文摘It has been widely known that human epidermal growth factor receptor 2 (HER2) inhibitors exhibit distinct antitumor responses against HER2-positive breast cancer. To date, Lapatinib (Tykerb®) has been approved by the U.S. Food and Drug Administration (FDA) as a reversible HER2 inhibitor for treating breast cancer. However, HER2 L755S, T798I and T798M mutations confer drug resistance to lapatinib, restricting its efficacy toward HER2-positive breast cancer. Thus, novel therapy toward mutant HER2 is highly desired. Although several irreversible HER2 inhibitors have been developed to overcome these drug resistance problems, most of them were reported to cause severe side effects. In this study, three pharmacophore models based on HER2 L755S, T798I and T798M mutant structures were constructed and then validated through receiver operating characteristic (ROC) curve analysis and Güner-Henry (GH) scoring methods. Subsequently, these well-validated models were utilized as 3D queries to identify novel irreversible HER2 inhibitors from National Cancer Institute (NCI) database. Finally, two potential irreversible HER2 inhibitor candidates, NSC278329 and NSC718305, were identified and validated through molecular docking, molecular dynamics (MD) simulations and ADMET prediction. Furthermore, the analyses of binding modes showed that both NSC278329 and NSC718305 exhibit good binding interactions with HER2 L755S, T798I and T798M mutants.

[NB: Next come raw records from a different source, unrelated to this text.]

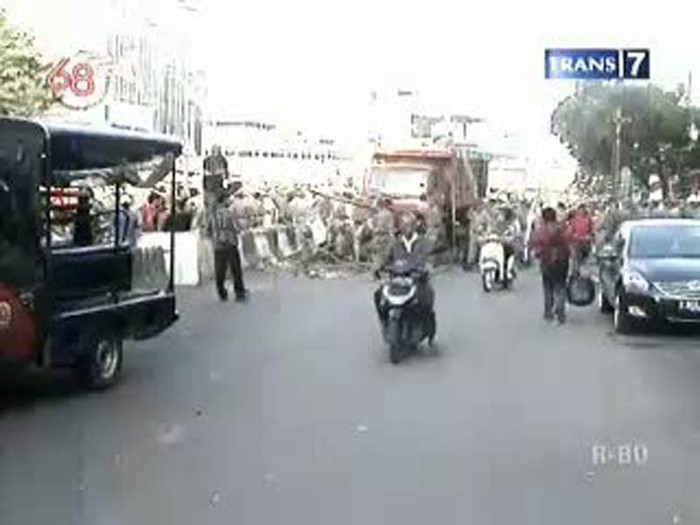 Ditertibkan, PKL Tanah Abang Binggung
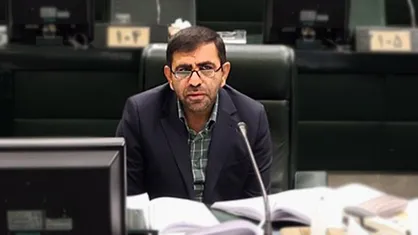 حسینی: ۱۰.۵ همت در بانک&zwnj;های کشور رسوب کرده است /چرا جوانان برای ۱۰۰ میلیون وام اشتغال باید ۳ سال در نوبت باشند + فیلم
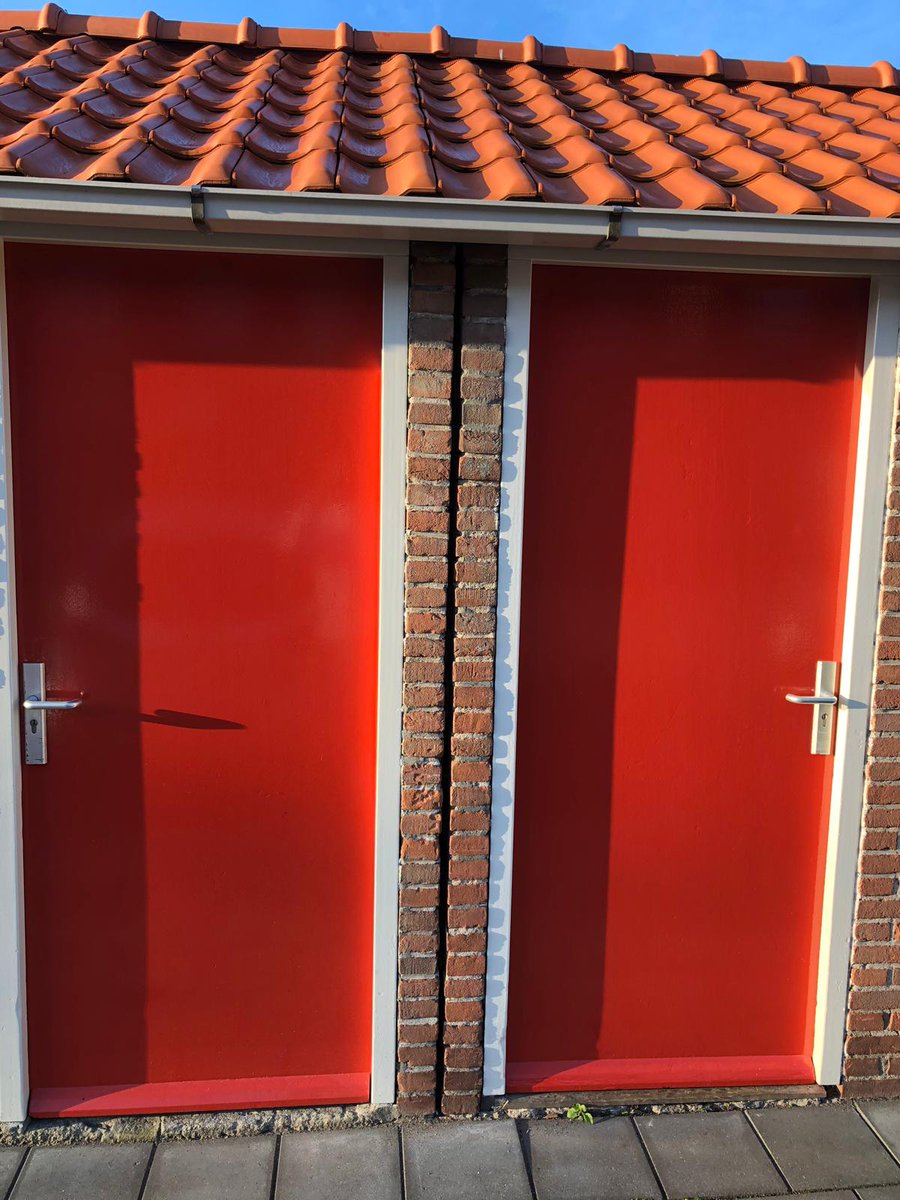 ToinelAmi's tweet photo. Mooie dag om de werkweek af te sluiten, deze week klus afgerond in #oegstgeest en ook weer een nieuwe opgestart , binnenklus in #Laren wordt ook mooi , verder nog heerlijk weer om buiten bezig te zijn in #wassenaar #Toinelami @Staalmeester @OHNLGarantie @SchildersVAK @VeveoNL https://t.co/1irWwDHJgI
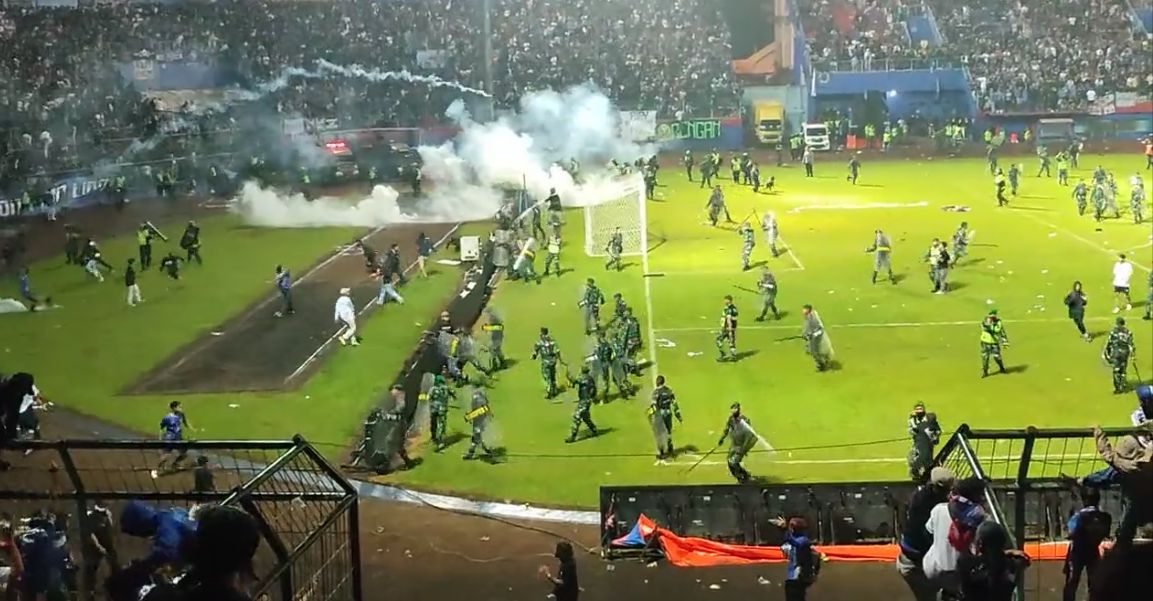 Tragedy as ‘174’ killed, 180 injured in stampede at Indonesia football match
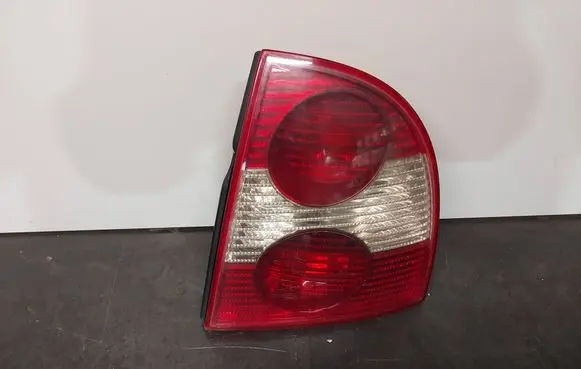 Volkswagen PASSAT B5.5 Rear/tail lights 3B5945096AE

All together, the above results suggest that both NSC278329 and NSC718305 can serve as novel and effective irreversible HER2 inhibitors for treating breast cancers with HER2 L755S, T798I and T798M mutants. In addition, they may act as lead compounds for designing new irreversible HER2 inhibitors by carrying out structural modifications and optimizations in future studies.